### EXERCISE GOAL
Reproduce exactly, from the data that follows, the line with "I'm ready to go home now", the line with "Bigg Boss 11", and every line that lies between them.

---------- RECORDS FOR THIS TASK

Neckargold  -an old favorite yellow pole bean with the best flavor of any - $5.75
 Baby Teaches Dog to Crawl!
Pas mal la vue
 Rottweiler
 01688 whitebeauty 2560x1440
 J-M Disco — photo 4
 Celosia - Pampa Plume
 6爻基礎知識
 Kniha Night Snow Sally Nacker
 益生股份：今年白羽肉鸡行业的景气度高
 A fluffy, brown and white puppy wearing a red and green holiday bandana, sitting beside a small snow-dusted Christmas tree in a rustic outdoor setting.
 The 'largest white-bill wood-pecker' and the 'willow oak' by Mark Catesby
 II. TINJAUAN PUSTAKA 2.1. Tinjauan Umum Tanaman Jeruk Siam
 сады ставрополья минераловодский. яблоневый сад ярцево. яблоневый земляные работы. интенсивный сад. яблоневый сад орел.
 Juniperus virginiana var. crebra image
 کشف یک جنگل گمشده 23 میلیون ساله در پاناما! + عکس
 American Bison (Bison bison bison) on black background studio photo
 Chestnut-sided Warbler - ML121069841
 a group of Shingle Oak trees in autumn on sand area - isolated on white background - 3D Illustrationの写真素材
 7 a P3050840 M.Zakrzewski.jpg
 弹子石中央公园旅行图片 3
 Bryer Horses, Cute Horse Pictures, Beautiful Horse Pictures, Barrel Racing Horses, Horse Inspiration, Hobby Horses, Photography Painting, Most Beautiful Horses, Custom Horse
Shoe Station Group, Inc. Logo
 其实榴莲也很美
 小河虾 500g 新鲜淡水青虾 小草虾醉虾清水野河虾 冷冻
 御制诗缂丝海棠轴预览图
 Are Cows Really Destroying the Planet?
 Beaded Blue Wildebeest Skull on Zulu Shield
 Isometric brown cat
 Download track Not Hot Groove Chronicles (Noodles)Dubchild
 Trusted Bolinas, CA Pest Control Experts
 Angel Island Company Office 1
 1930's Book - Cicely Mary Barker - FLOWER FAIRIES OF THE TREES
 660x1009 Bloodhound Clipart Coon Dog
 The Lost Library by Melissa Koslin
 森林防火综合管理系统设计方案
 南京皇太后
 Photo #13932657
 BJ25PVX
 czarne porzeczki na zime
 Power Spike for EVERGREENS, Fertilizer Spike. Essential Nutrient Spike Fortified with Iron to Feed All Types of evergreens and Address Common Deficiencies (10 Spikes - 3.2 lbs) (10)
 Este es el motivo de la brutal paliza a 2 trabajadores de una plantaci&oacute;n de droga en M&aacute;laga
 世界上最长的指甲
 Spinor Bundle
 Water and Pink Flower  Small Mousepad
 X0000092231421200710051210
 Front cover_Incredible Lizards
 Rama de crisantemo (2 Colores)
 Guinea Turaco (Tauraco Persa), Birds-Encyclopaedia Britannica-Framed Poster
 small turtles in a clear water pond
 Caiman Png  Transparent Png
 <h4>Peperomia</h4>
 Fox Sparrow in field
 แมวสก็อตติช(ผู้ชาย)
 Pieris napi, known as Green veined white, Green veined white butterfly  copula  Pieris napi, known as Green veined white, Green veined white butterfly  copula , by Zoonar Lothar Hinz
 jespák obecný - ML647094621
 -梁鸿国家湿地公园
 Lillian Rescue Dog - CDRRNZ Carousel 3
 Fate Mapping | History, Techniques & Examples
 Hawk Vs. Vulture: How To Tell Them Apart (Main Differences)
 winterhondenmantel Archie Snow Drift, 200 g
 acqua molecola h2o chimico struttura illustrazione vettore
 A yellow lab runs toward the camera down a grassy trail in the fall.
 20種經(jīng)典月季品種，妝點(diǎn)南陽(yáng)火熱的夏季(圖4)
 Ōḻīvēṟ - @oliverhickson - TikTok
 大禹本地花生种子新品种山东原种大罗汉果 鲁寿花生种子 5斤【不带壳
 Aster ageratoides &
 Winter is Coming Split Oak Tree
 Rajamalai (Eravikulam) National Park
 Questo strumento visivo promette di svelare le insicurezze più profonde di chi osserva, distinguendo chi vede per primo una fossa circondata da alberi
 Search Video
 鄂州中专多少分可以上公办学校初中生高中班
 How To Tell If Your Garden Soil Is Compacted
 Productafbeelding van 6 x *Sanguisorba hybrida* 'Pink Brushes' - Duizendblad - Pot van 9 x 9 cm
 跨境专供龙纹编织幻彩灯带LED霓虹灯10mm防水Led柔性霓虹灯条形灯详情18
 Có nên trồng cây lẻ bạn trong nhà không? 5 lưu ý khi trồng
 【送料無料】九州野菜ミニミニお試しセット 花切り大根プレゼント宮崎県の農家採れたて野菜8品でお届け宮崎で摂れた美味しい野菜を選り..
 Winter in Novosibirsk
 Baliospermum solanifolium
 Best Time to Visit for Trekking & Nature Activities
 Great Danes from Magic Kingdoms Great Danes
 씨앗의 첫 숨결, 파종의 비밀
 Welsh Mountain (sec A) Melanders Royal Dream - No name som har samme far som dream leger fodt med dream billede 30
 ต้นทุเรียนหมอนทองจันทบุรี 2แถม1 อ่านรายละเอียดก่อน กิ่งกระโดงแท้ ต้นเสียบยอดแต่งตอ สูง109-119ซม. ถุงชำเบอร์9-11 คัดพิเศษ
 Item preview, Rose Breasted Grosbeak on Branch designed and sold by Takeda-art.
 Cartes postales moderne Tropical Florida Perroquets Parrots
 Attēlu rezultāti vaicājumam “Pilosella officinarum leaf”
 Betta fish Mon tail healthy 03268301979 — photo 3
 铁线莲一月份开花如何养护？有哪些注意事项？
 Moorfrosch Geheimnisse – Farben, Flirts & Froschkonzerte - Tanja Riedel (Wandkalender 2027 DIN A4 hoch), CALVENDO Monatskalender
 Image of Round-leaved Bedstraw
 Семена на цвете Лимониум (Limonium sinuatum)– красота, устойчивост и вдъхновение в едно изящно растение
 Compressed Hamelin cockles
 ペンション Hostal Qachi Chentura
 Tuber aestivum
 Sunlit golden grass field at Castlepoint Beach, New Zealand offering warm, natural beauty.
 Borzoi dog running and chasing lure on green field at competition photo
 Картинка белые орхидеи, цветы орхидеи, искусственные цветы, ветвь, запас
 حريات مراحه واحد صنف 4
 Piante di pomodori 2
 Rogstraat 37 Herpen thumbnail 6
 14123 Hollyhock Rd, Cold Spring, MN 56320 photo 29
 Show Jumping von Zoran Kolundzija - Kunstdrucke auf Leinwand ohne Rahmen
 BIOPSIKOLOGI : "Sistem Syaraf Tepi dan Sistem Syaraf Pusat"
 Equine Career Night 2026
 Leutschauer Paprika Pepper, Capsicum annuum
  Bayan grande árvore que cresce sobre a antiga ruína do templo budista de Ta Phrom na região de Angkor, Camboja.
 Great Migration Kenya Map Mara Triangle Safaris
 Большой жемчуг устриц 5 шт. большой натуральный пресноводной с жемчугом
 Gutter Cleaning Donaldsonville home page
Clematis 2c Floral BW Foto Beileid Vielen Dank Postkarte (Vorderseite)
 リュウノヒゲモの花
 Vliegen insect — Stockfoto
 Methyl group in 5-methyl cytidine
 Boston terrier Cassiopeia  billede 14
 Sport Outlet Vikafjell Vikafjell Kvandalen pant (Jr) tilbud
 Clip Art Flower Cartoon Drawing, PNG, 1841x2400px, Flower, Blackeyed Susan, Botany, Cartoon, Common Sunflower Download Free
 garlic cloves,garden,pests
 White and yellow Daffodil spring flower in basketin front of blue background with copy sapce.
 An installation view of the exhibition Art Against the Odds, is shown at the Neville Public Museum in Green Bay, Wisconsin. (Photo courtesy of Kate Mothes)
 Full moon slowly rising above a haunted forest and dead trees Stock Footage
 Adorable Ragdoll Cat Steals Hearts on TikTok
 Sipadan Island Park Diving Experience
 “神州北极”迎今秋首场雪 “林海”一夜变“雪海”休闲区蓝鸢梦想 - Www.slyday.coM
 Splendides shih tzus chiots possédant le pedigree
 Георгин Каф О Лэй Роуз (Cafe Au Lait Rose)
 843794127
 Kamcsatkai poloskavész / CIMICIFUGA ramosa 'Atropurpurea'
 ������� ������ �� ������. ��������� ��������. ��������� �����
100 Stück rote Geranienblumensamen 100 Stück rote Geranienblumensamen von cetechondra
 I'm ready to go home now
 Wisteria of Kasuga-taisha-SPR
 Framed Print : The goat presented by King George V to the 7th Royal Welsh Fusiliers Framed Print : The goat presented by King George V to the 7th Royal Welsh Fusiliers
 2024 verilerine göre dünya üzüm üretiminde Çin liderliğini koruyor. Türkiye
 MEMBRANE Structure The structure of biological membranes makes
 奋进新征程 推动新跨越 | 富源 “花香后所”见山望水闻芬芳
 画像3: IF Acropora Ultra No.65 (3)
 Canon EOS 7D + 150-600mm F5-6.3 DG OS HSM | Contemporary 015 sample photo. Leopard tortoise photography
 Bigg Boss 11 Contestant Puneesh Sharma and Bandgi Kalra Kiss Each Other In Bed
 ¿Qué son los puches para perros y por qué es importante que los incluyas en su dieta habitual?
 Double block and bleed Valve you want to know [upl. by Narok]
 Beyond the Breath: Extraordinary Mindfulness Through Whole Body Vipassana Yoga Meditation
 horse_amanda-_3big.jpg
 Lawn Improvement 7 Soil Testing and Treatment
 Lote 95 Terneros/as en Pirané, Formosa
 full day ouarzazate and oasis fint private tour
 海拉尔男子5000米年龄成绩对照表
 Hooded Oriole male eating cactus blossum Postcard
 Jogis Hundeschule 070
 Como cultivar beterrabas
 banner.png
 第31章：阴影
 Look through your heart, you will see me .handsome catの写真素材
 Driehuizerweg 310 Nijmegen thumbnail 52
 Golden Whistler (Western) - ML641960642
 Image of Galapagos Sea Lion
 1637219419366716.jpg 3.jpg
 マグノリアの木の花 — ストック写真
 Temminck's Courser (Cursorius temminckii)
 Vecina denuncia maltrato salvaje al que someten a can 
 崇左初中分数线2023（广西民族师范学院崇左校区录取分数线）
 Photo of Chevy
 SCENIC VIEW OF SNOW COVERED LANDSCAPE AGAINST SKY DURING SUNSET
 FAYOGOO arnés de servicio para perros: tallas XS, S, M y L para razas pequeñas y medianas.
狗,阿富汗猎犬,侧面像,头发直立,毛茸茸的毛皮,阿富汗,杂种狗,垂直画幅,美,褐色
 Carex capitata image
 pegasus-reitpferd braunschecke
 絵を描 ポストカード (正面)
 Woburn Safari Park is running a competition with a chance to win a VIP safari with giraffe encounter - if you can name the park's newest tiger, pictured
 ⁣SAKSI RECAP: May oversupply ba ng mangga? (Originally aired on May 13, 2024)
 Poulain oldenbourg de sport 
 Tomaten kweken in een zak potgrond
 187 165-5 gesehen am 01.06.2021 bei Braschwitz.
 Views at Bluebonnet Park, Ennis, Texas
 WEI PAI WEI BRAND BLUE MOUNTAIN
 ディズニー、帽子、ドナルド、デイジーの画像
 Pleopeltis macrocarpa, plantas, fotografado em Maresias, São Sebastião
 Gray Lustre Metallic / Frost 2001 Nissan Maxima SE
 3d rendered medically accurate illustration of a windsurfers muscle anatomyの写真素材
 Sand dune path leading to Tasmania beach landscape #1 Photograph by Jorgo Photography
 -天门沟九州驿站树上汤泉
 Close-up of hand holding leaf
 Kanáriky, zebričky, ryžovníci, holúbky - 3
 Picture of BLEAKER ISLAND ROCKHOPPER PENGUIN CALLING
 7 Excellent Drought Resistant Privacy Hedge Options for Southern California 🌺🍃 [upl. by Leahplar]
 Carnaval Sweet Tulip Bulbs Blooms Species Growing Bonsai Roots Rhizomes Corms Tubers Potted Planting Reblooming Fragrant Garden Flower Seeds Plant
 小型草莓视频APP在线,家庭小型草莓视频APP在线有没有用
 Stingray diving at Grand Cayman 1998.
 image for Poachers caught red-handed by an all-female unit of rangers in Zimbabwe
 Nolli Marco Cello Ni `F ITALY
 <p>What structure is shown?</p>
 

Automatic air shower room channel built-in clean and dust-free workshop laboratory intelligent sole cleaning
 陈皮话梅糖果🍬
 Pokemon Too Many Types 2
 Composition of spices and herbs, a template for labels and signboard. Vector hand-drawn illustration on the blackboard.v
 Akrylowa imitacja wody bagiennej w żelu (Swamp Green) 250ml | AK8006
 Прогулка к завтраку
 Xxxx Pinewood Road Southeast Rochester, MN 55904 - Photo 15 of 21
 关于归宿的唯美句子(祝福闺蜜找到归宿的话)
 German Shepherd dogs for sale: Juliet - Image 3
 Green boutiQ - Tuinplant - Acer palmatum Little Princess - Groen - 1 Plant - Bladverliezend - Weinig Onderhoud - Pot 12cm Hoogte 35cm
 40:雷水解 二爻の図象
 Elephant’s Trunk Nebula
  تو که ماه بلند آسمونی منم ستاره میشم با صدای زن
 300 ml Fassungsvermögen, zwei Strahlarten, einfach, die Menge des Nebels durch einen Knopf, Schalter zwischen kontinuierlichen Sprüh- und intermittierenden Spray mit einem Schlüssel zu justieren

--------------------

### ANSWER SPACE
 I'm ready to go home now
 Wisteria of Kasuga-taisha-SPR
 Framed Print : The goat presented by King George V to the 7th Royal Welsh Fusiliers Framed Print : The goat presented by King George V to the 7th Royal Welsh Fusiliers
 2024 verilerine göre dünya üzüm üretiminde Çin liderliğini koruyor. Türkiye
 MEMBRANE Structure The structure of biological membranes makes
 奋进新征程 推动新跨越 | 富源 “花香后所”见山望水闻芬芳
 画像3: IF Acropora Ultra No.65 (3)
 Canon EOS 7D + 150-600mm F5-6.3 DG OS HSM | Contemporary 015 sample photo. Leopard tortoise photography
 Bigg Boss 11 Contestant Puneesh Sharma and Bandgi Kalra Kiss Each Other In Bed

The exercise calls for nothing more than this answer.